Ten years later, the Democrats have finally found a talk-radio outlet of their own: Air America. And it's a joke. Its ratings are horrific. It's most famous anchors, while (allegedly) funny at some point in their careers, are inexperienced and unpolished when it comes to the talk radio format. And they're doomed to failure. Why are they doomed to failure? Because of the Vast Right Wing Conspiracy? Because Democrats can't do funny? Because only rednecks and conservative nuts listen to radios anymore? No. They're doomed to failure because they think they're in the talk radio business. They're not. They're in the information business. And until they find a way to effectively and intelligently provide Americans with logically organized information with well reasoned analysis, they're going to continue to get the crap beaten out of them.

Which brings us to Captain's Quarters. It started out as just another humble blog. It's still the same blog it was six months ago, the only difference is that its readership requires five digits to express. It's not because blogs are the wave of the future. It's not because the internet is the next big thing. It's because they (Captain Ed and the First Mate) provide a necessary service in one of the oldest businesses out there--information. And they're very, very good at it.

Anyone can be good at it. Take oil companies. They're not in the oil business. They're in the energy business. Conoco recognizes this. They're involved in crude exploration, production, shipping, and refining. They're involved in natural gas extraction and marketing. They're involved in electricity generation and distribution. They're an energy company, and they're very, very good at it. Because they know what business they're in.

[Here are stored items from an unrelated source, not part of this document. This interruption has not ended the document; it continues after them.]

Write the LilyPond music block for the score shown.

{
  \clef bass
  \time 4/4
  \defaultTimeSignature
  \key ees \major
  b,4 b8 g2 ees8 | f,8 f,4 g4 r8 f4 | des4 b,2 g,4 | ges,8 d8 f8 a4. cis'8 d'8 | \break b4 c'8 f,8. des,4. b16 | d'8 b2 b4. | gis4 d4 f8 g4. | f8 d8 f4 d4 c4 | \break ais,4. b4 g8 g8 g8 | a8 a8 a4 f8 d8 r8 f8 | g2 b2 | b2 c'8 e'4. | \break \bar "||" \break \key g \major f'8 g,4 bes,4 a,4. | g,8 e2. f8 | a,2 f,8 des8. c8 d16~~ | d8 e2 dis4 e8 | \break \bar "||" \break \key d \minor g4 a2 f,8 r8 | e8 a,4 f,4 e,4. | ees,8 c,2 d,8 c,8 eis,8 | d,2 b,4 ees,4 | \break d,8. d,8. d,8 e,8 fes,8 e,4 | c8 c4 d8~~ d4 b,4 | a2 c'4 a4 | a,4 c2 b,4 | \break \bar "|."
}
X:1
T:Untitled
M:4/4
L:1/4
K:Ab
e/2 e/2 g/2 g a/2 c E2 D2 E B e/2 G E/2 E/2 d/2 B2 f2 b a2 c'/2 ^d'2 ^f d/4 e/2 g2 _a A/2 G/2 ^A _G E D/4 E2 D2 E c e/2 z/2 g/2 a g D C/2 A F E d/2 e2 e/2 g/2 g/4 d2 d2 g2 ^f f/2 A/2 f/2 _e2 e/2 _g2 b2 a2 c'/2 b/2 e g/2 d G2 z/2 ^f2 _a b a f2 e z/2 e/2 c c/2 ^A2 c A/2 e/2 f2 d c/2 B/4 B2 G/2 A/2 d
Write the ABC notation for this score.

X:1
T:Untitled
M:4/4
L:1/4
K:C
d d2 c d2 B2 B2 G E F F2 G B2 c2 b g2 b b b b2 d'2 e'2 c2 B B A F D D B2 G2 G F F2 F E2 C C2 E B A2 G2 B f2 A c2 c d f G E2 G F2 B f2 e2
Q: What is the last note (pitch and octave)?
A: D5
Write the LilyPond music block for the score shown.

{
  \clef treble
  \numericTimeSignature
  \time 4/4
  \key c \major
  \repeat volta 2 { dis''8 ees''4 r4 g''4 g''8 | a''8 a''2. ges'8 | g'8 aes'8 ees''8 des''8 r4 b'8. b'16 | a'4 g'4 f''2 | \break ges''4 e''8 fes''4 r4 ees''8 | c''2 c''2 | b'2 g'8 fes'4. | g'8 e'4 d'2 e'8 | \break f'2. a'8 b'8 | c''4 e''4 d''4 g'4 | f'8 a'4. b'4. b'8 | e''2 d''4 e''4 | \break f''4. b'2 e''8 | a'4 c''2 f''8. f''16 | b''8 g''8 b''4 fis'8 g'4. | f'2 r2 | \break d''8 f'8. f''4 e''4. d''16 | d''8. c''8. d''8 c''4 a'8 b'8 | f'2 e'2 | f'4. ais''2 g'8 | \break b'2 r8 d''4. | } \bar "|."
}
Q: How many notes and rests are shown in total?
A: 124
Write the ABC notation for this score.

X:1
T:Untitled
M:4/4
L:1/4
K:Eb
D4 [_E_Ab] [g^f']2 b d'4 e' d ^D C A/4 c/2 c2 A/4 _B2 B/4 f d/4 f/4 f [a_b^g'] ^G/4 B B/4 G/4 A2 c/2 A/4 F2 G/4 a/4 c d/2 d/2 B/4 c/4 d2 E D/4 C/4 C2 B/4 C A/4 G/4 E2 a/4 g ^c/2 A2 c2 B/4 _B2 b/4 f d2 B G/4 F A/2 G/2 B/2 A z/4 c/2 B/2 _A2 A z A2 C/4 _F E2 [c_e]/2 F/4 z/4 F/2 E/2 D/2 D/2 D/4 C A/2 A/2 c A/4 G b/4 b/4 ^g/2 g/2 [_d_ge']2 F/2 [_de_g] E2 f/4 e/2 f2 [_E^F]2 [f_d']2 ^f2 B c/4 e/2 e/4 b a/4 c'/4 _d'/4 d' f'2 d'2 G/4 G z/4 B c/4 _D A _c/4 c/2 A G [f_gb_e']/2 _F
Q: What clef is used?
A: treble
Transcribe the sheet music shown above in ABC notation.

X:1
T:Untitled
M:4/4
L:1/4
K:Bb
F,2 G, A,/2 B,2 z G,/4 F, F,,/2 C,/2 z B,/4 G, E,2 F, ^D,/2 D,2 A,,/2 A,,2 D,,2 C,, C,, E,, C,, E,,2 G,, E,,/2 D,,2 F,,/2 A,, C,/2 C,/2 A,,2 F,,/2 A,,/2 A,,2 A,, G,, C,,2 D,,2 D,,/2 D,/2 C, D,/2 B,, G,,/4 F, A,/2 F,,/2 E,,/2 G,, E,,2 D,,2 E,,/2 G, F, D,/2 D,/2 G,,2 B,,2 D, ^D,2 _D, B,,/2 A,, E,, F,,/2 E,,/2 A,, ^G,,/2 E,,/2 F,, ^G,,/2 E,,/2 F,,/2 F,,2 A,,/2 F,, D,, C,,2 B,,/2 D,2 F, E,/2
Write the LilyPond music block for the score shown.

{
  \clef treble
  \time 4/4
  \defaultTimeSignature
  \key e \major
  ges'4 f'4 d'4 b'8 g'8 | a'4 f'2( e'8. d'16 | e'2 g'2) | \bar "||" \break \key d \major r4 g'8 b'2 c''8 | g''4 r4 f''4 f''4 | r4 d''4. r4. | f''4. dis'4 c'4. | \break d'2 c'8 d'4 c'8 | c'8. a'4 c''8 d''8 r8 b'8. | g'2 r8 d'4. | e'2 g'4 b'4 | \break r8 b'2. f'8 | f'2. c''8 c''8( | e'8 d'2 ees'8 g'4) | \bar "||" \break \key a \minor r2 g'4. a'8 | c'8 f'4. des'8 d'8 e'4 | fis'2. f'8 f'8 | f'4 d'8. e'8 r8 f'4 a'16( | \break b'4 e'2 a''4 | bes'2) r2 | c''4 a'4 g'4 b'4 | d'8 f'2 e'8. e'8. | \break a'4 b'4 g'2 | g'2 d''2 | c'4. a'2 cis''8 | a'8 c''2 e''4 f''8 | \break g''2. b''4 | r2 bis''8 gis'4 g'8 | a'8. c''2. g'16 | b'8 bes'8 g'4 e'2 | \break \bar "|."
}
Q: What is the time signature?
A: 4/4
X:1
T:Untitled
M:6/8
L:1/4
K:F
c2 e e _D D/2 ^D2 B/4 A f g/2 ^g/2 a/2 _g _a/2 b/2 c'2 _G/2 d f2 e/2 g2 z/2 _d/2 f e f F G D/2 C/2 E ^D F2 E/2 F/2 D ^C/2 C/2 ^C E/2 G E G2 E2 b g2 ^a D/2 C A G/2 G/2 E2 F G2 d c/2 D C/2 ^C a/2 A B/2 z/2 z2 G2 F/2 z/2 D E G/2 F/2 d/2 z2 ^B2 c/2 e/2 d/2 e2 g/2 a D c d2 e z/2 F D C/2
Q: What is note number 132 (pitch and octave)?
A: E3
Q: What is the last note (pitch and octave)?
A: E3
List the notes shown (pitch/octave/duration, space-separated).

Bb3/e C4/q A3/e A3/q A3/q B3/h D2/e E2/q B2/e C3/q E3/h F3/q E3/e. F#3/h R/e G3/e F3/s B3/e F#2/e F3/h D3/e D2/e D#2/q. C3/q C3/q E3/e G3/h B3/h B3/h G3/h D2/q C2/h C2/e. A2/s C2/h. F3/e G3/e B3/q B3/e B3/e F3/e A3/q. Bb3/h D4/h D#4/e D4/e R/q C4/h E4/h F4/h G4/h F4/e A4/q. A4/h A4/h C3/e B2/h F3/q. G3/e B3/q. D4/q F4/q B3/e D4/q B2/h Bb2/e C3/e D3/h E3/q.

If we wake up tomorrow to learn that some new scientific discovery has rendered gasoline obsolete, Conoco will be involved in whatever that new technology is, because while the world might not need gasoline to survive, the very heart of an industrialized civiliazation is energy.

The New York Times will be a footnote of journalistic history in twenty years if they don't figure out what business they're in. The same goes for magazines, television news shows, radio programs, and yes, web sites, unless they understand what value it is they provide--what business it is they're really in. And right now, most of them clearly haven't got a clue.